A

David

Darling

four-color problem

four-color map of USA

The four-color problem is a long-standing problem that dates back to 1852 when Francis Guthrie, while trying to color a map of the counties of England noticed that four colors were enough to ensure that no adjacent counties were colored the same. He asked his brother Frederick if it was true that any map could be colored using four colors in such a way that adjacent regions (i.e. those sharing a common boundary segment, not just a point) receive different colors. Frederick Guthrie then passed on the conjecture to Augustus de Morgan.

 

The first printed reference is due to Arthur Cayley in 1878. A year later the false "proof," by the English barrister Alfred Kempe, appeared; its incorrectness was pointed out by Percy Heawood 11 years later. Another failed proof is due to Peter Tait in 1880, a gap in his argument being pointed out by Julius Petersen in 1891. Both false proofs did have some value, though. Kempe discovered what became known as Kempe chains, and Tait found an equivalent formulation of the Four-Color Theorem in terms of three-edge coloring.

 

The next major contribution came from George Birkhoff whose work allowed Philip Franklin in 1922 to prove that the Four-Color Conjecture is true for maps with at most 25 regions. It was also used by other mathematicians to make various forms of progress on the Four-Color Problem. The German mathematician Heinrich Heesch, notably, developed the two main ingredients needed for the ultimate proof – reducibility and discharging. While the concept of reducibility was studied by other researchers as well, it seems that the idea of discharging, crucial for the unavoidability part of the proof, is due to Heesch, and that it was he who conjectured that a suitable development of this method would solve the Four-Color Problem. This was confirmed by Kenneth Appel and Wolfgang Haken of the University of Illinois in 1976, when they published their proof of the Four-Color Theorem.1 Their controversial proof challenges the basic assumptions of what mathematical proof is. They used more than 1,200 hours of supercomputer time to analyze 1,478 different configurations that in turn can produce every possible map on a plane. Not everyone was happy with the method of the breakthrough, as Appel himself pointed out:

 

For almost a century and a half, a Holy Grail of graph theory has been a simple incisive proof of the Four Color Theorem. It has troubled our profession that a problem that can be understood by a school child has yet to be solved in a way that better illuminates the reason that only four colors are needed for planar maps. The feelings of many mathematicians were summed up for me by Herb Wilf's response to being told that it appeared that one could prove the theorem by a long reducibility argument which used computers to test the reducibility of a large number of configurations. He simply said, "God would not allow such a beautiful theorem to have such an ugly proof."

 

Martin Gardner commented, "Whether a simple, elegant proof not requiring a computer will ever be found, is still an open question." It's interesting that such a simple, intuitive puzzle can be so difficult to settle!
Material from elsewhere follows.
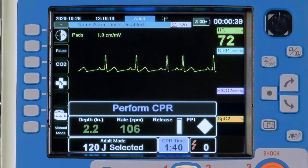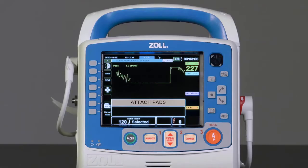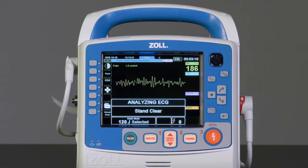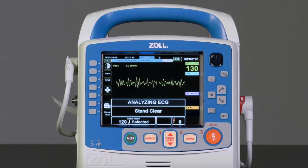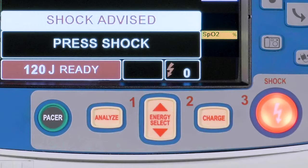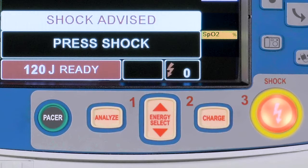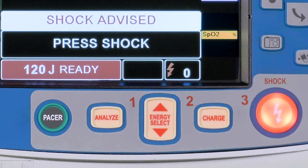If the device indicates Shock Advised, the red Shock button will illuminate along with the message and audible prompt: Press Shock. Based on configuration, the shock needs to be delivered within 30 or 60 seconds before the device automatically disarms itself.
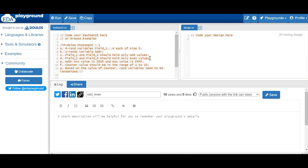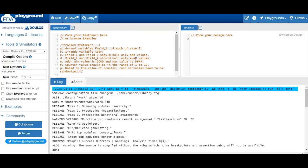In SystemVerilog, randomization is done using methods. In Verilog we used `$random` which is static in nature, but here everything is in terms of methods. We have the `randomize()` method. The first variable is a 4-bit `rand` variable; the second is a `randc` variable for address. The address minimum value should be all zeros and maximum all F's — we need a constraint within that range. The counter value should be in the range of 1 to 10.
The Four-Color theorem is true for maps on a plane or on a sphere. The answer is different for geographic maps on a torus: in this case, seven colors are necessary and sufficient.

 


Twelve-Color Map Problem

It has been hyppothesized that if on a plane or spherical map each country has at the most one colony, requiring the same color as its parent country, at most 12 different colors are needed to distinguish the political regions on a map. The problem of determining if this is true or not remain opens.

 


References

1. Appel, K. and Haken, W. "The Solution of the Four-Color Map Problem." Scientific American, 237: 108–121 (1977).
2. Saaty, T. L. and Kainen, P. C. The Four-Color Problem: Assaults and Conquest. New York: Dover, 1986.